----- RECORDS TO USE

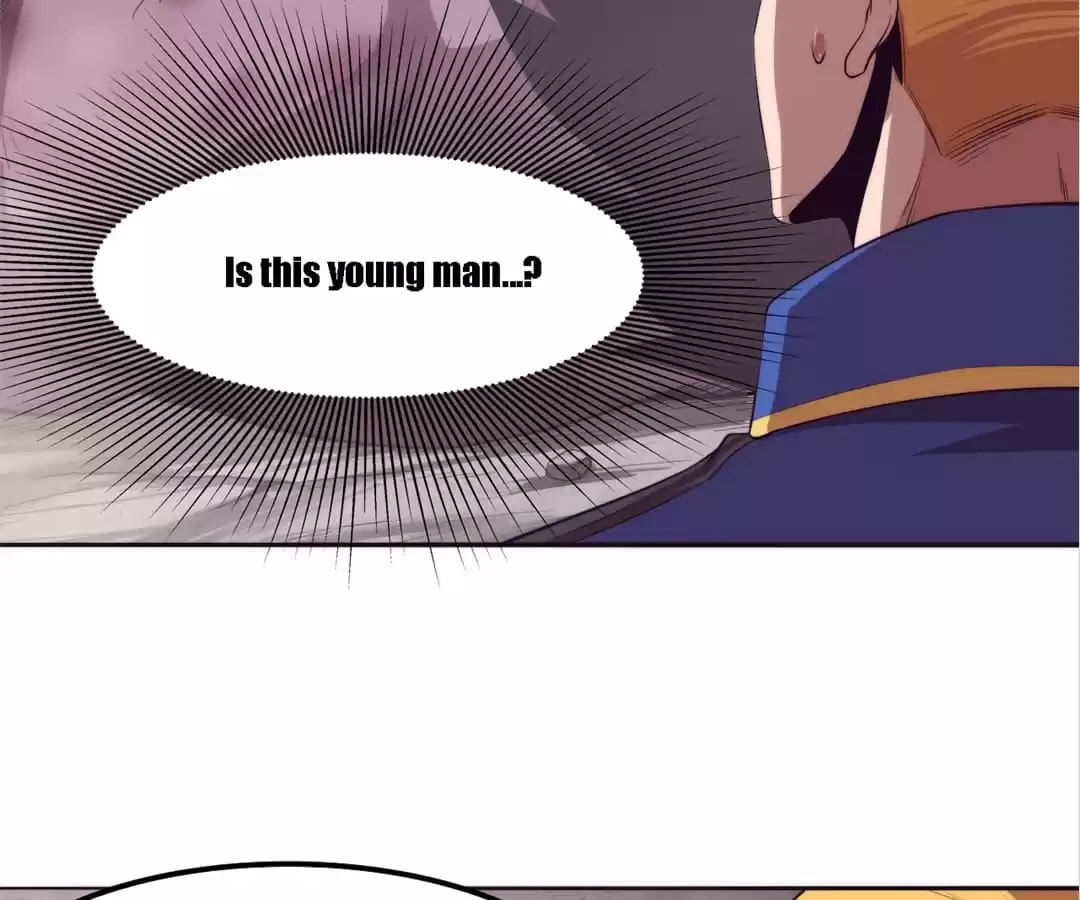 Read The Unstoppable (Colored) chapter 22 image 86 on Lezhin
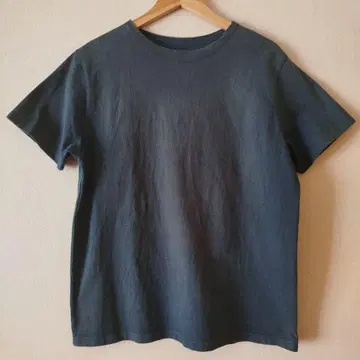 NECESSARY OR UNNECESSARY 구 택 그린 M 일본제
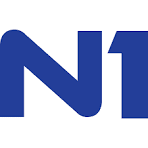 N1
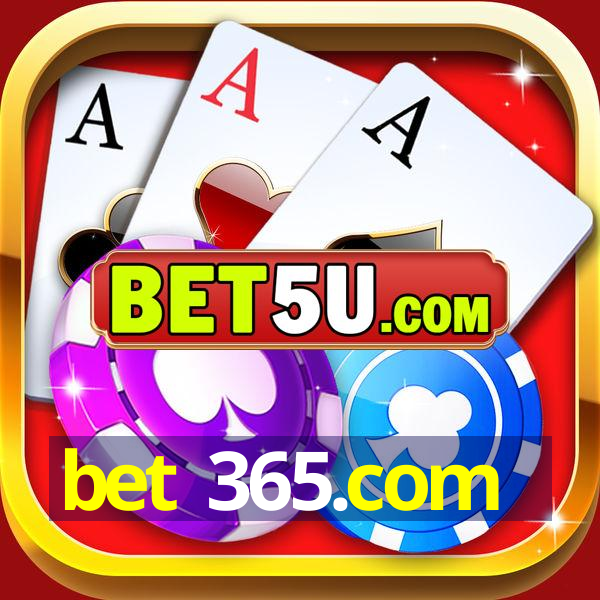 bet 365.com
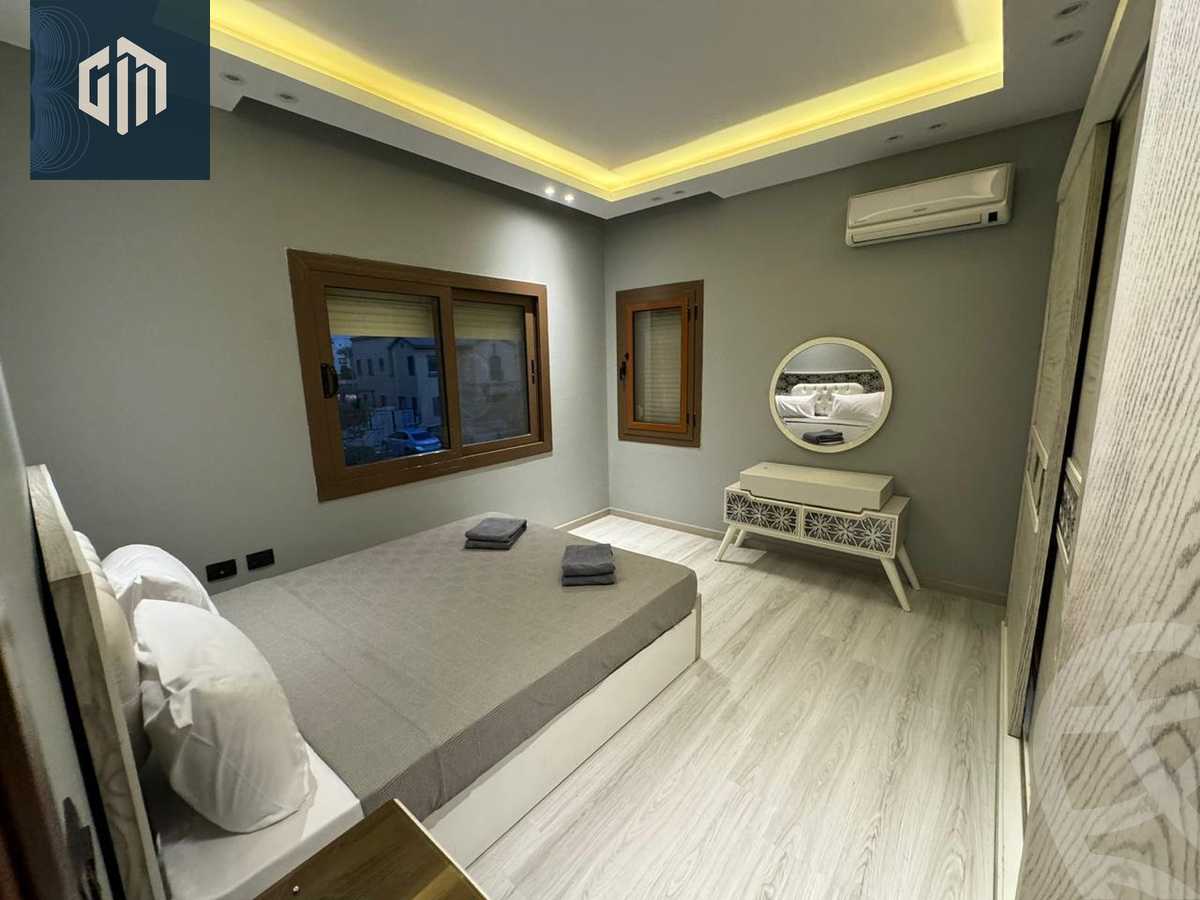 https://aqarmap.com.eg/en/listing/6117304-for-rent-cairo-new-cairo-compounds-mivida-mivida-parcel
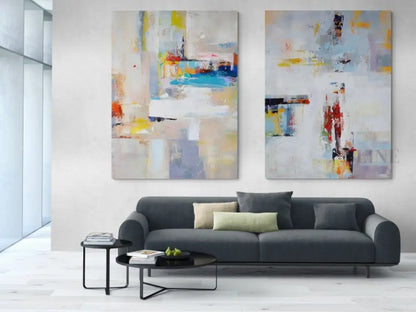 Self - Kline Collective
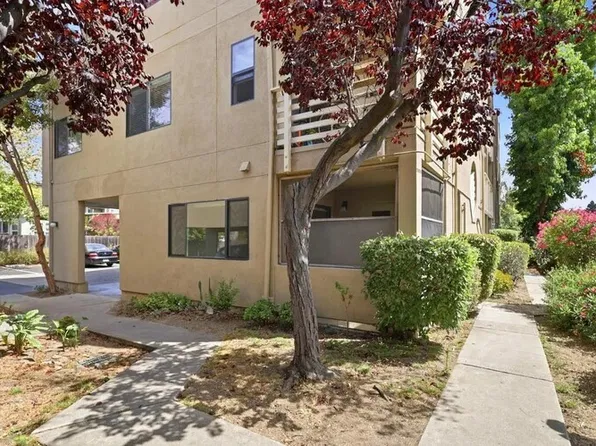 250 River St, Santa Cruz, CA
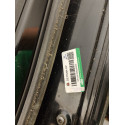 PORTA TRASEIRA ESQUERDA LAND RANGE ROVER SPORT HSE 3.0 2013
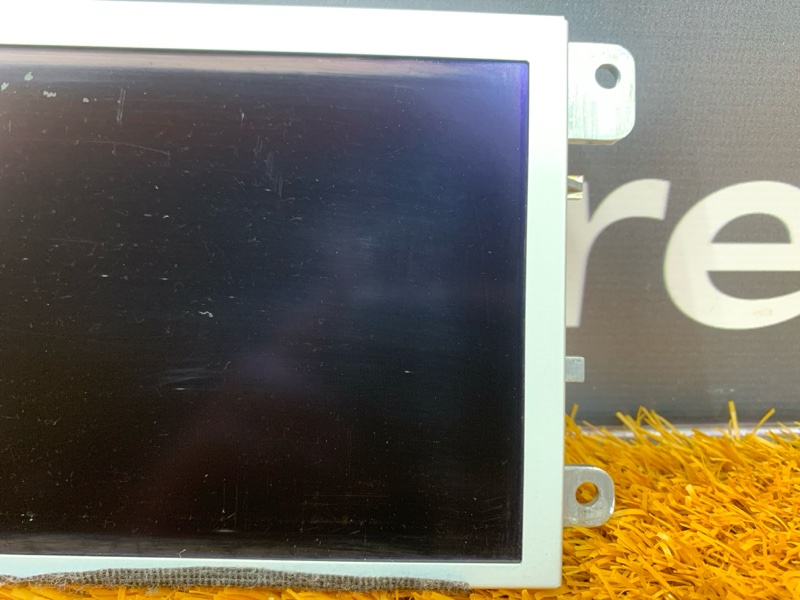 монитор, 2000 рублей, Красноярск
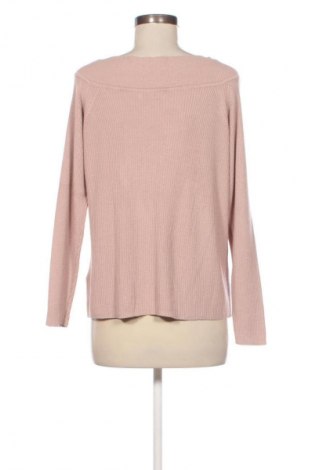 Női pulóver Marks & Spencer, Méret XXL, Szín Hamurózsaszín, Ár 5 707 Ft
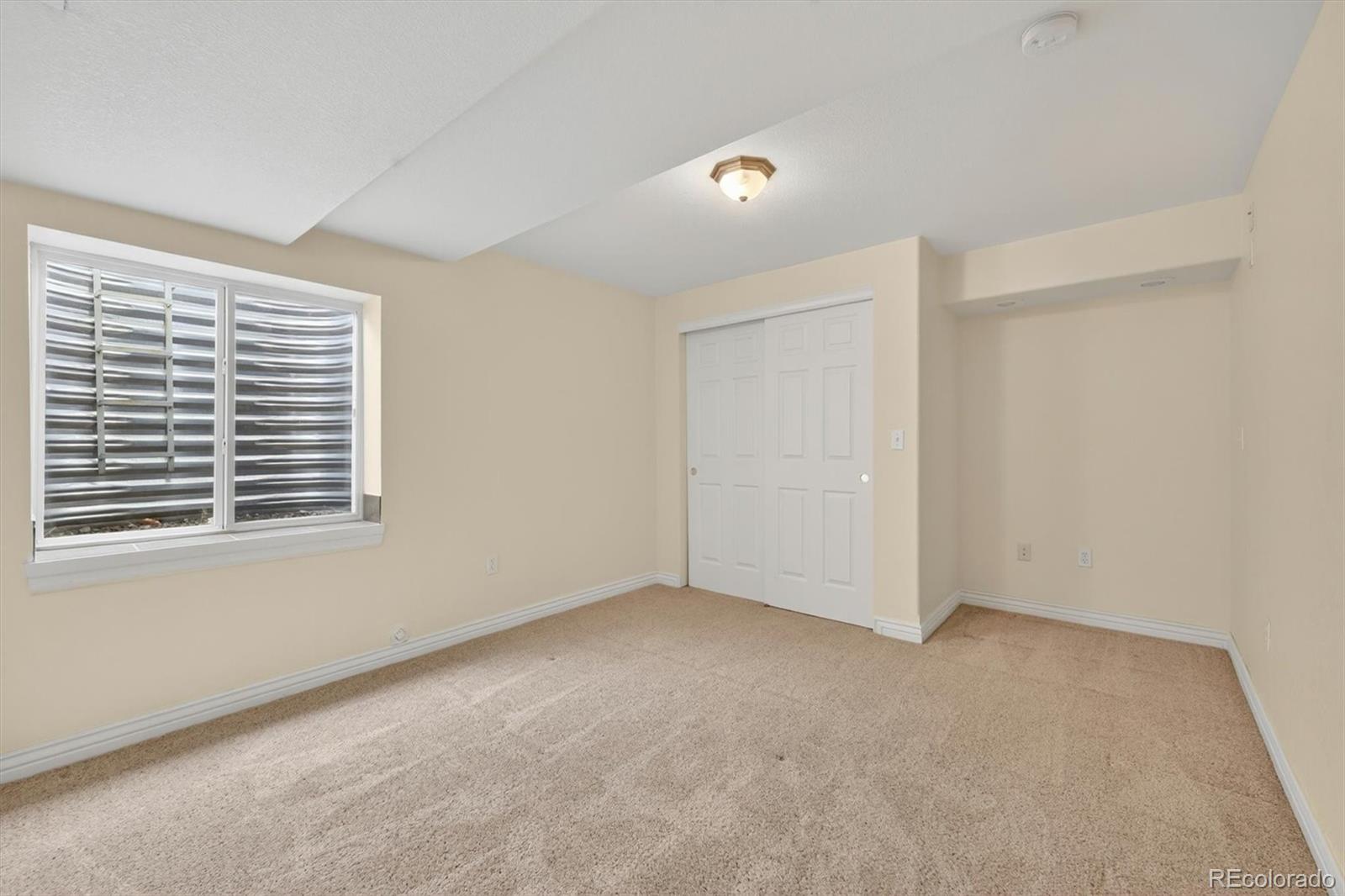 12821 Buckhorn Creek Street Parker CO 80134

----------

**EXERCISE REQUIREMENTS**
Could you set down word for word each line from the one holding "Női pulóver Marks" through the end of the material above, without any pictures?

**ANSWER**
 Női pulóver Marks & Spencer, Méret XXL, Szín Hamurózsaszín, Ár 5 707 Ft
 12821 Buckhorn Creek Street Parker CO 80134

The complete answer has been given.